ALEXANDRIA, Va. (2/20/15)--CUNA welcomes the National Credit Union Administration's review of the definition of "small entity." The NCUA issued a proposal Thursday that would increase the "small entity" to include credit unions with assets of less than $100 million; however, CUNA maintains a much higher threshold of $500 million would be appropriate for purposes of reduced regulatory burden.
|The National Credit Union Administration board listens to a proposal from staff regarding the definition of "small entity." (CUNA Photo)|
The current threshold defines a small credit union as one with assets of less than $50 million. That standard was set by the NCUA board in 2013, at which time the agency said it would be revisited in two years.
The Regulatory Flexibility Act (RFA) generally requires federal agencies to determine and consider the impact of proposed and final rules on institutions defined as "small entities." NCUA Chair Debbie Matz said the proposal will provide regulatory relief for more credit unions in future rulemakings.
"Wherever possible, the NCUA should attempt to relieve the regulatory burden on all credit unions without affecting safety and soundness," Matz said. "That's why we've scaled our rules to target larger credit unions."
According to the NCUA, this change would allow an additional 745 federally insured credit unions to be defined as small entities, bringing the total number of federally insured credit unions covered by the RFA to 4,869.
All three NCUA board members voted their approval of the proposal, but board member J. Mark McWatters said he was in favor of a small entity definition of no lower than $250 million in assets, and said he would support a threshold of $550 million in assets.
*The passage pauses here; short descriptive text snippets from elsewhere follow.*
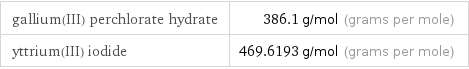 gallium(III) perchlorate hydrate | 386.1 g/mol (grams per mole) yttrium(III) iodide | 469.6193 g/mol (grams per mole)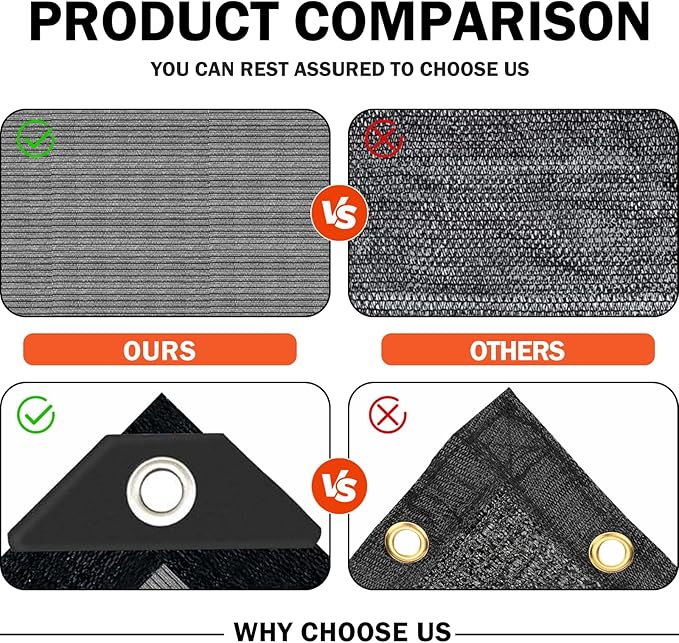 Sun Shade Cloth with Grommets,90% UV Protection Shade Fabric,Pergola Shade Cover Canopy Fence Privacy Screen Balcony,Sunshades for Patio Pergola Garden Backyard Porch Outdoor,Grey-3x6FT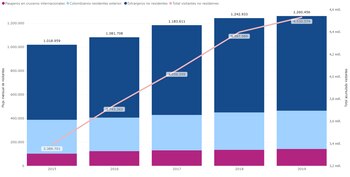 Cifras de turismo en Colombia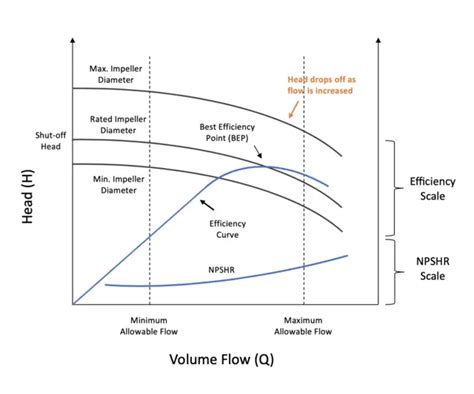 What Is A Pump Performance Curve Types Of Pump Performance Curves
|National Credit Union Administration board member J. Mark McWatters questions the proposed definition for "small entity" with regard to the Regulatory Flexibility Act. (CUNA Photo)|
"By comparison, the Federal Deposit Insurance Corp., Office of the Comptroller of the Currency and Federal Reserve Board each use the Small Business Administration's asset threshold of $550 million for determining 'small entity' status under the RFA," McWatters said. "Credit unions with assets of less than $250 million--and, preferably, $550 million--also merit the regulatory relief noted above that follows a 'small entity' designation under the RFA."
Vice Chair Rick Metsger said while he supports the staff recommendation, adjusting the threshold to more than $100 million could make it harder for smaller credit unions to receive assistance from the NCUA's Office of Small Credit Union Initiatives (OSCUI).
"It is very important as we consider rules going forward, and how they impact small credit unions, we don't want to dilute the impact of those rules," he said. "If there is an impact, we don't want it clouded by higher-performing credit unions."
CUNA supports providing regulatory flexibility under the RFA to as many credit unions as possible while targeting the assistance offered by OSCUI to a more limited number of smaller credit unions.
CUNA's advocacy staff is reviewing the proposal, and plans to issue a regulatory comment call shortly.